Read the rest of this entry.


The cartoon by Daryl Cagle, MSNBC.com, is copyrighted and licensed to appear on TMV. All Rights Reserved. Unauthorized reproduction prohibited.



17 Responses to ““Honey, We Shrunk the President””

  1. Silhouette says:

    8 months into his four-year term and he's already pronounced a “failure”. Gee, I wonder who cooked up those premature results?

    *puts on thinking cap*

  2. Father_Time says:

    Ha Ha ha, your negative article fails. Next time just write, “I'm a republican”, at the begining of your article and everybody will know where you stand from the git. It's the right thing to do.

  3. Polimom says:

    Obama's actually correct, in a general sense, when he says that “rationed care, higher costs, denied coverage, or bureaucrats” are already here. Currently, though, the bureaucrats are in the insurance industry, rather than in the government.

    I fail to see how the latter is necessarily going to improve that situation.

  4. CStanley says:

    Hear, hear, PM. And since a large problem with our current health insurance company bureaucrats is that we generally can't dump them for a better set of bureaucrats if they're not performing in our best interests, the solutions that help improve competition by making our health insurance portable and allowing us to purchase individual plans rather than employer based ones, makes a lot more sense to me.

  5. vwcat says:

    I have to smile at the latest in the media's touting of how Obama is failing, or losing to the opposition or any other number of dire things.

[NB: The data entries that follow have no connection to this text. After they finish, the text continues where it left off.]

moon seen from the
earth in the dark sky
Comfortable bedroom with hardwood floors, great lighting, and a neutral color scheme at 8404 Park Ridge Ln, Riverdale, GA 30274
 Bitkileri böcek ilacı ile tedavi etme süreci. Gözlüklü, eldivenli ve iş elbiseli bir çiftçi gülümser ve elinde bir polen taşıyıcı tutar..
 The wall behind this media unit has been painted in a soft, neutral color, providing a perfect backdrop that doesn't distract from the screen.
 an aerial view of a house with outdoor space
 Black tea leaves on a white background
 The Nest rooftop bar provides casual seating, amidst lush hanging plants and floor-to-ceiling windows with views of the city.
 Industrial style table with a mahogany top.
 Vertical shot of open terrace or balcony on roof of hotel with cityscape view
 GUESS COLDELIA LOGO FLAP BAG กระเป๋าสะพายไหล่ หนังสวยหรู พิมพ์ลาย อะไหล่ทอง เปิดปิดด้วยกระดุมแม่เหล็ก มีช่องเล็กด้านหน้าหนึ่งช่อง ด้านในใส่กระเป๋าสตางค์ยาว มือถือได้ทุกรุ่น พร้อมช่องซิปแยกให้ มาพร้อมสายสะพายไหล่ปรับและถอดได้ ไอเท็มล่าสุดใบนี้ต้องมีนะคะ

The media keeps saying that Obama has been beaten or some other dramatic 'oh, no!'.
    then, after a few weeks of this emoting, Obama manages to put egg on the media's face ……again.
    Obama does things his way. Not the conventional wisdom or the way the media thinks he should. And he does them in his own time, his own timing. Not someone else's.
    How many times have we heard and seen the media proclaim the end of Obama only to see him come on stronger then before.
    You should know by now that our president is very good at rope a dope.

  6. vwcat says:

    the media and others have been dying to proclaim the end of Obama since he announced he was running for president. Every couple of months we have had this 'the end of Obama' storyline.
    But, what amazes me is that since Jan 20th, the media and others have been so quick to jump on this president for everything and have been chomping at the bit to indulge fat Rushbo by telling him that yes, Obama has failed.
    I wonder if they will get tired in a couple years of being made to look like fools and give up on trying to gift the fat drugged out one.

  7. TheMagicalSkyFather says:

    vwcat- Nope it will not end until his last day in office. The media is socially liberal but otherwise conservative and it shows pretty well. During the Clinton years I really thought they were just being goaded into it by right wing activists but then I watched them ignore left wing activists until 2005-6. We have a corporate media and they are protecting their interests and since those media companies are owned by giant mega corps invested in many industry's you can ensure little will change if they have any say in it. Republican or Dem we live in a corporate socialistic state we just get to choose between the ones that steal our money while making gov bigger and saying they will make it smaller or those that will at least allow us to have programs to help survive to current state of affairs. Neither will shrink gov, neither will stop the corps from infringing on our freedoms because they are not the gov so its not their job to protect them, neither will stop the growth of the military or prison industrial complexes. And the media keeps tellin us to smile!

  8. Almoderate says:

    OT, I know, but… Must we keep looking at naked/semi-nude pictures and drawings of the POTUS? I can contend that he's not bad to look at, but I'm getting overload when you consider this artist and others like him…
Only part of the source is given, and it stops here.